(Image-caption web data)
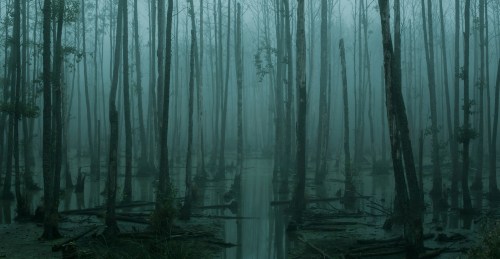 A misty forest with tall, bare trees reflected in still water, creating a serene and eerie atmosphere.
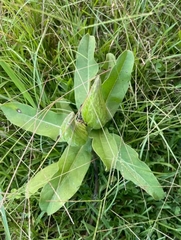 Asclepias viridis
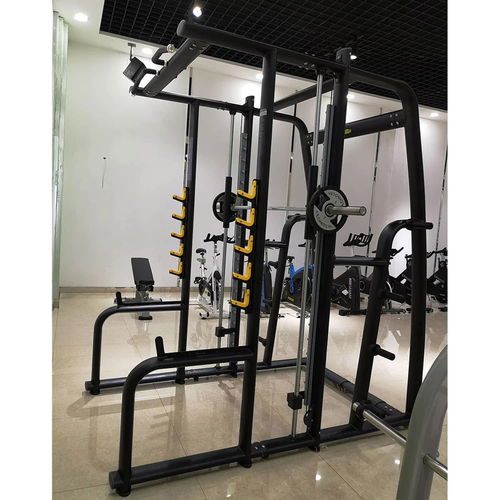 1441 Fitness Heavy Duty Smith Machine - 41Fan17C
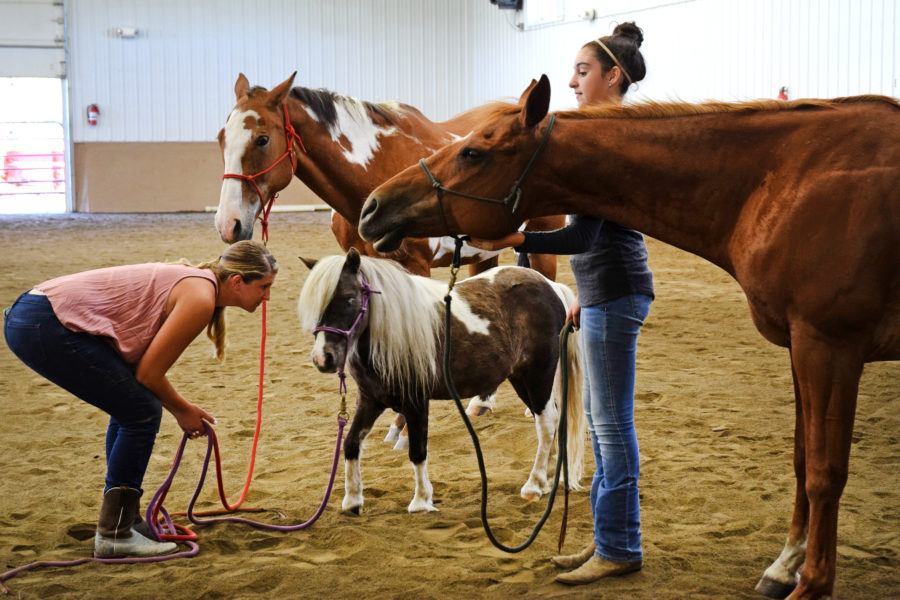 Maintaining horse well-being in an Equine-Assisted Learning setting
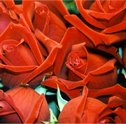 Qual a flor mais vendida na história da Giuliana Flores?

* **Exercise directions**:
Nothing but the lines from the one containing "Asclepias viridis" through the last line of the records above should appear, each repeated exactly, with no pictures.

* **Result below**:
 Asclepias viridis
 1441 Fitness Heavy Duty Smith Machine - 41Fan17C
 Maintaining horse well-being in an Equine-Assisted Learning setting
 Qual a flor mais vendida na história da Giuliana Flores?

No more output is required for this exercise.